A major endeavor undertaken by the Dominican Sisters Grand Rapids is Socially Responsible Investments. We are members of the Coalition of Responsible Investors of Michigan and Indiana (CCRIM) with a membership from eleven religious congregations.) Through CCRIM we are affiliated with the Interfaith Center for Corporate Responsibility and with them are able to cofile resolutions and enter into dialogues with corporations where we are shareholders. Our Economic Justice response teams respond to federal and state budgets, the Affordable Care Act, work and labor issues and the like.
Ecological reflection leads us to acknowledge three truths: 1) the theological truth that creation, the precious common home for the whole of life, is God’s; 2) the scientific truth that human behavior is causing grave harm to the environment, even to the extent of changing the climate (Laudato Si); 3) and the moral truth that we individuals, groups, and nations have the duty to reverse this destructive trend.

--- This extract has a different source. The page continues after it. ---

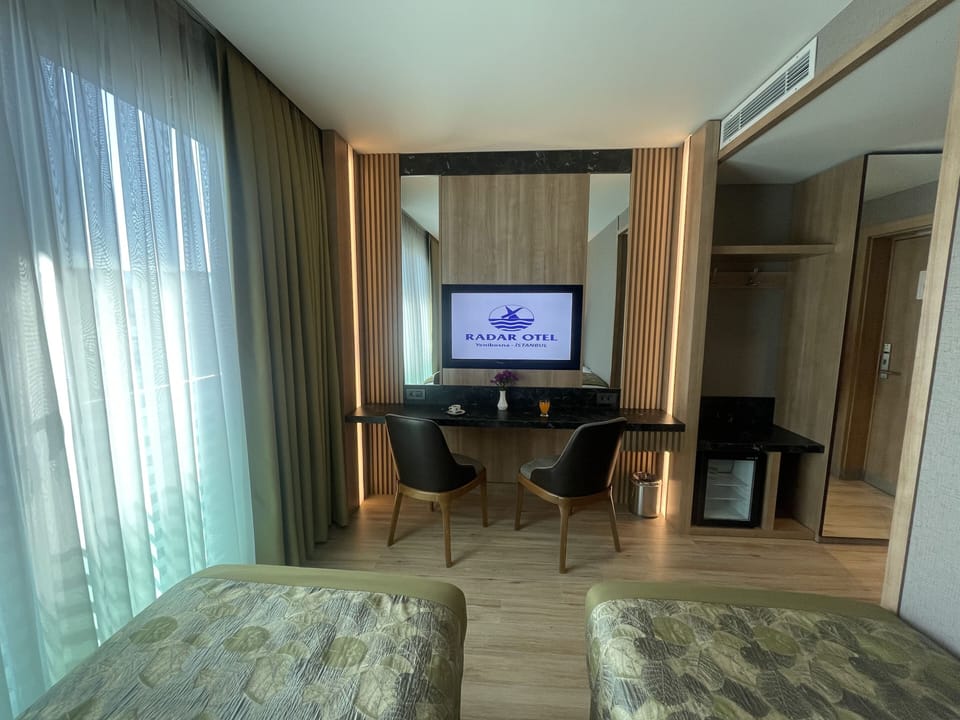Standard Twin Room | Minibar, in-room safe, desk, laptop workspace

Pope Francis, in his 2015 address to the United Nations, gave voice to the rights of nature.
Our Call: to respect and honor those rights through the lifestyle choices we make, personally and collectively.
Our response team collaborates with the Catholic Climate Covenant, West Michigan Environmental Action Coalition, Citizens Climate Lobby, and others. Alerts to which we respond have included support of the Paris Agreement, use of pesticides and antibiotics, care of the Great Lakes, support of the EPA.

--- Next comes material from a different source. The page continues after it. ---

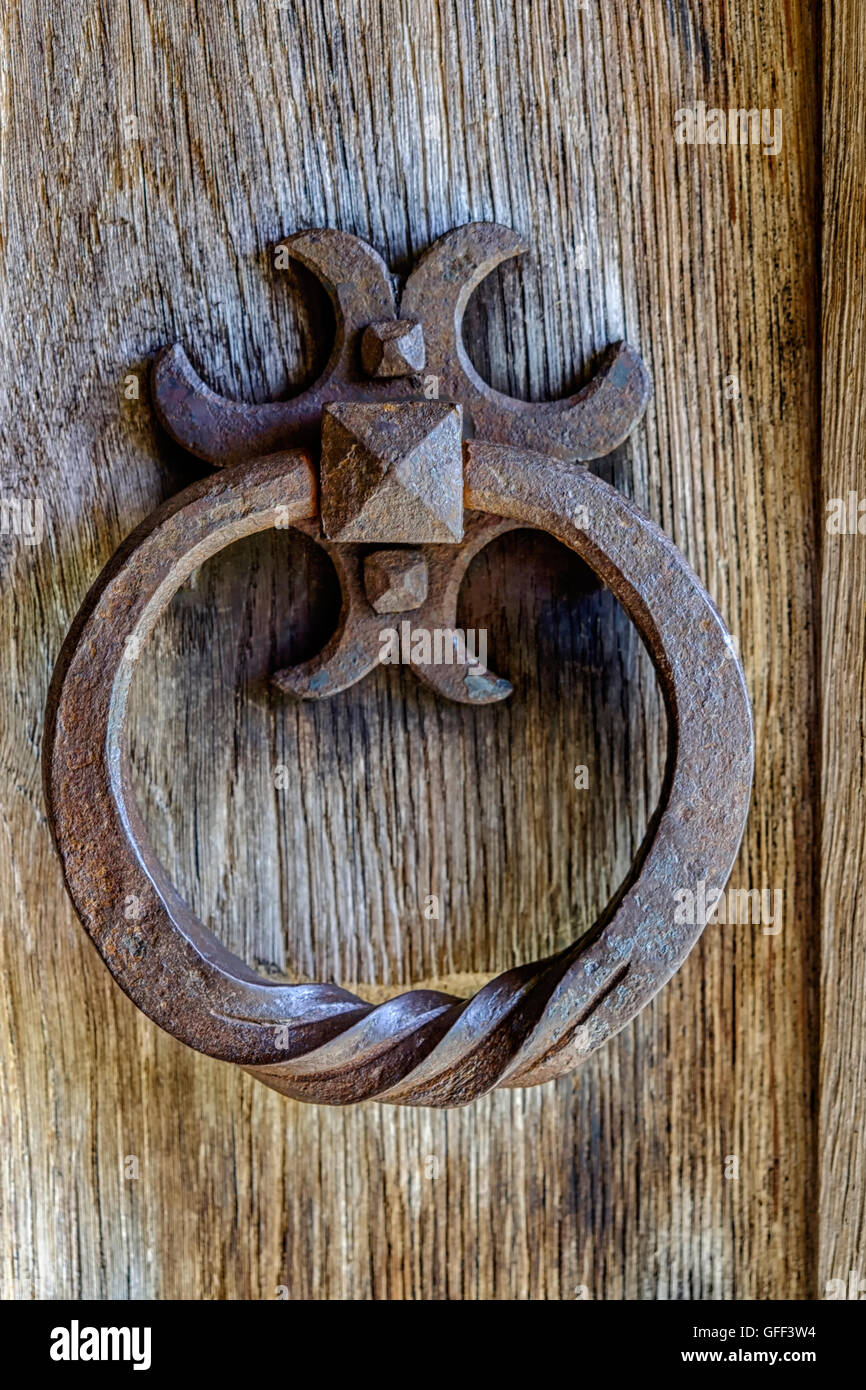 Ornate ancient rusty iron door knocker on section of wooden door Stock Photo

There is the sociological and economic truth of the deplorable worldwide industry in human trafficking. For purposes of slave and sex labor, desperate men, women, and children are drawn into a vortex of degradation. We denounce the consumerist mentality by which human beings are turned into mere instruments of satisfaction and profit.
Our call is to expose the truth about modern-day slavery and advocate for substantive laws that protect victims and hold accountable all who facilitate and enable human trafficking.

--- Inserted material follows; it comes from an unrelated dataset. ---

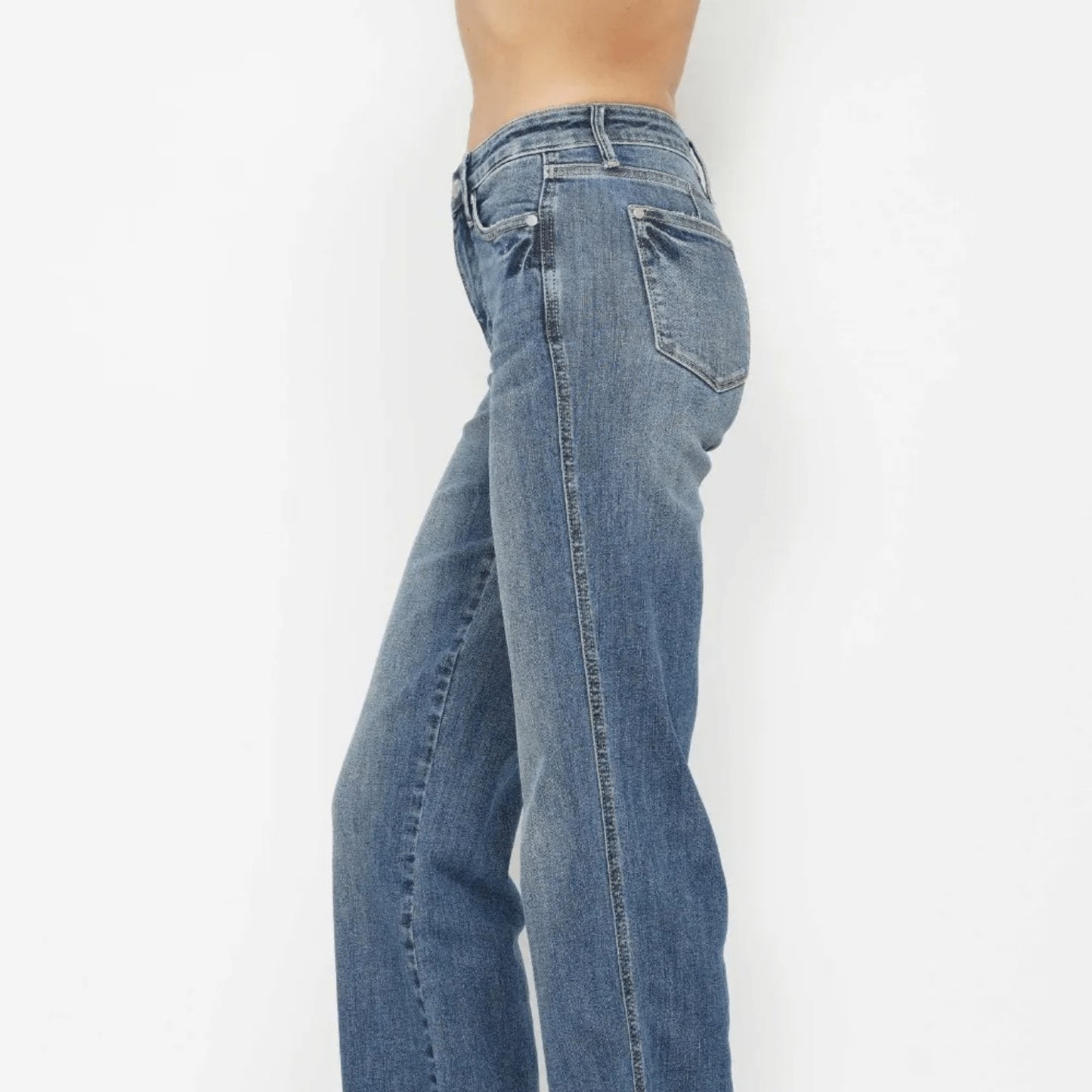 Side profile of Judy Blue straight jeans showing the smoothing tummy control panel.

According to the United Nations, there are over 60,000,000 displaced people in the world today. Recent Popes and the U.S. Conference of Catholic Bishops have repeatedly defended the right of people to migrate whether they are fleeing poverty, political or religious repression, or violence. They call upon wealthier countries, like the United States, to open their doors to receive those coming to them in need.
Our call is to welcome the stranger, to speak the truth of the roots of our own immigrant nation, and to advocate for just immigration policies and practices.
In 2014, our Congregation made a corporate stance to act as advocates for unaccompanied children at the border in local, national, and international communities.
Additionally, our response team has responded to alerts for comprehensive immigration reform, protection of DACA, continuation of ITP status for Haitians and Hondurans. We participate in local demonstrations, marches, etc. We work with the West Michigan Coalition for Immigration Reform, Michigan Immigration Rights Center, the MICAH Center/Workers Rights Center. Members of our response team provide ESL and citizenship programs as well as tutoring services for immigrants.
We extol the dignity of every human life, made in God’s image, a truth revealed in Genesis. To live that truth we take a stand, by preaching and action, against all threats to human well-being. The joys and the hopes, the griefs and the anxieties” of all people – of those threatened by war abroad or gun violence at home, of prisoners, of the sick, of children in the womb, of mothers in crisis – these too are our “joys and hopes … griefs and anxieties.” (Cf. Gaudium et Spes, #1.)
Our call is to see the face of God in the whole of life, to embrace the tenets of nonviolence, and to practice loving our enemies.
Members of our response team have been national leaders in nuclear disarmament movements. Locally we have collaborated with the Institute for Global Education. We have responded to alerts and initiatives on gun violence, death penalty, prison reform, police/community relations, civil discourse.